We used the ConvNext-V2 Atto model, a lightweight model with 3.7M parameters, and made adaptations to optimize it for semantic segmentation of medium-resolution satellite images. In the original model, the first convolutional layer downsamples the input to feature maps that are one-fourth of the input size. This may result in losing valuable information obtained from high-resolution feature maps, which could be useful for semantic segmentation tasks. To address this limitation, we followed the modifications suggested by [57]. Essentially, we replaced the first layer with an initial convolutional layer using a kernel size of 3 and a stride of 1 to capture feature maps at the input resolution, followed by a depthwise convolutional downsampling layer. Our U-Net design followed the ConvNext-V2 U-Net implementation also used in [57], using skip connections to concatenate feature maps from the encoder with the corresponding upsampling blocks. Figure 4 exhibits the architecture of our network.

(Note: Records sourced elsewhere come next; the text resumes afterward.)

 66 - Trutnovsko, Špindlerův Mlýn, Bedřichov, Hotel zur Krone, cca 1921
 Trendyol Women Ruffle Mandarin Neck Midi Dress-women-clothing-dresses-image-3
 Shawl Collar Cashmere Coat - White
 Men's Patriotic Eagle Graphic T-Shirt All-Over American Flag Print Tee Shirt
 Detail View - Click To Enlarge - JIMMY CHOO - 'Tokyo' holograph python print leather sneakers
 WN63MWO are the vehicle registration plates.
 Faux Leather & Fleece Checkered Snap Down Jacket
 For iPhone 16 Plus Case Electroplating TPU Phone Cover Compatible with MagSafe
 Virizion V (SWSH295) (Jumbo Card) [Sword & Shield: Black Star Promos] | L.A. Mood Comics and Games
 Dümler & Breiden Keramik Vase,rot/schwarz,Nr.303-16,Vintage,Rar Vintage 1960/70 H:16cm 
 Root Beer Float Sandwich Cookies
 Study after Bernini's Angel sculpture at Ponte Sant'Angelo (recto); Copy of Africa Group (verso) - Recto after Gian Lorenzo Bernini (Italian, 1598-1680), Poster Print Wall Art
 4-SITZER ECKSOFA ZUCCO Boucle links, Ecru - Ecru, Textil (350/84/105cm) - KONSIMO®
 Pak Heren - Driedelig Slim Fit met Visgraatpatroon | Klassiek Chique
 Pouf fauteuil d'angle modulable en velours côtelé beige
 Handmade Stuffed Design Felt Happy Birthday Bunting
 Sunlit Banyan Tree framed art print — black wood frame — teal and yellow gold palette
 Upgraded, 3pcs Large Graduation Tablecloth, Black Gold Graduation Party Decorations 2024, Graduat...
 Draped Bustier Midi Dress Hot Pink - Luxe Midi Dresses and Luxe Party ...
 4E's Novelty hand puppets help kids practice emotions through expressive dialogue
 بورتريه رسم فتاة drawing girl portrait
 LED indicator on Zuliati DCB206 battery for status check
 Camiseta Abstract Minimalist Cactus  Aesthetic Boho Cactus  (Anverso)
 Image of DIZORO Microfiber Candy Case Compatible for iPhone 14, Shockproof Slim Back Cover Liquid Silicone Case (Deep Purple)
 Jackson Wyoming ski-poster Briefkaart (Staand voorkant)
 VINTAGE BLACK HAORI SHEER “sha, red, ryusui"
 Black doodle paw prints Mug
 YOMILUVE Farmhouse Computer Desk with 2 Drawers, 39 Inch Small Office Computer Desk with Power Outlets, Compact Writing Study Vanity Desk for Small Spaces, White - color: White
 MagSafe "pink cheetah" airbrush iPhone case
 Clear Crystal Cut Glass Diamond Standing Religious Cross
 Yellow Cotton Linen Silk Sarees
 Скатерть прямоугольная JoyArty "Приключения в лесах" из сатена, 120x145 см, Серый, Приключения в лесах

The model was trained for 50 epochs with a batch size of 32, using the AdamW optimizer and a fixed learning rate of 0.0001. The batch size and learning rate were determined by performing a grid search with batch sizes of 32, 64 and 128 and learning rates of 0.00001, 0.0001 and 0.001. The training was limited to 50 epochs since we observed no significant changes in model performance past this point across a number of tests. Random horizontal and vertical flips were used for data augmentation. We computed a weighted cross-entropy loss, in which we assigned the unlabeled pixels to an additional class and set its weight to zero. Hence, only labeled pixels effectively contributed to the loss computation.

4.4. Self-Supervised Learning

Training with sparse labels under a weakly supervised approach may lead to limited feature learning, particularly in regions lacking labeled data. To bridge this gap, we propose to train a self-supervised model to learn general useful representations from large amounts of unlabeled data. We refer to this process as model pretraining. A pretrained model can be subsequently fine-tuned for specific tasks, improving the performance of models with limited supervision [31,71,72] such as ours.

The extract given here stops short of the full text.